Once again, failure led to further research to explain the failure. One explanation was that the prime-boost DNA-Ad5 combination used in HVTN 505 likewise stimulated weak antibodies against the Ad5 vector rather than against HIV [105]. To address this possibility, a DNA-AIDSVAX prime-boost combination vaccine is now under evaluation [106]. Another possibility was that a DNA-based vaccine was unlikely to work because the plasmid DNA had too hard a time passing into the target cell nucleus [96]. This stimulated further in interest in mRNA-based vaccines, which only had to get into the host cell cytoplasm to do their job.

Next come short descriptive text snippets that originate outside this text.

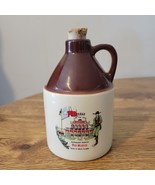 Texas Wax Museum Mini Advertising Whiskey Jug 5&quot; H with cork - £10.96 GBP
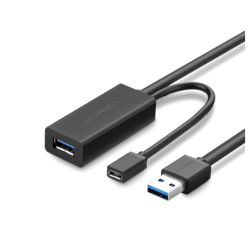Cable de Extensión Activo USB 3.0 con puerto de alimentación Micro USB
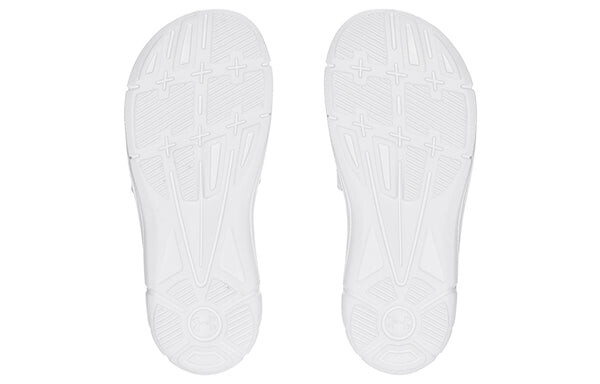 Тапочки ignite vii sandals black/white Under Armour, черный — фото 4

But mRNA-based vaccines faced a critical obstacle: mRNA itself stimulated an immune response. That problem was solved in 2005 by chemically tinkering with the natural bases that make up RNA's molecular backbone [107,108]. A further advance was the development self-amplifying mRNA (or SAM) (Fig. 6 ). In one study, researchers created an SAM, splicing the mRNA encoding HIV's envelope protein into the mRNA from the alphavirus, then wrapped the hybrid mRNA in a lipid particle [109].

Fig. 6

mRNA vaccine. (1) The RNA is extracted from the offending virus and the code for the spike protein is isolated. (2) The section of RNA coding for the spike protein is spliced onto RNA amplifier code from another virus, thus creating self-amplifying mRNA (SAM) [110,111]. (3) The SAM, with the natural bases in its backbone modified to reduce its inflammatory potential, is encased in a lipid nanoparticle to enhance its stability. (4) The SAM nanoparticles are injected into the vaccine recipient. mRNA vaccines currently in use include those manufactured by Pfizer-BioNTech [112] and Moderna [113].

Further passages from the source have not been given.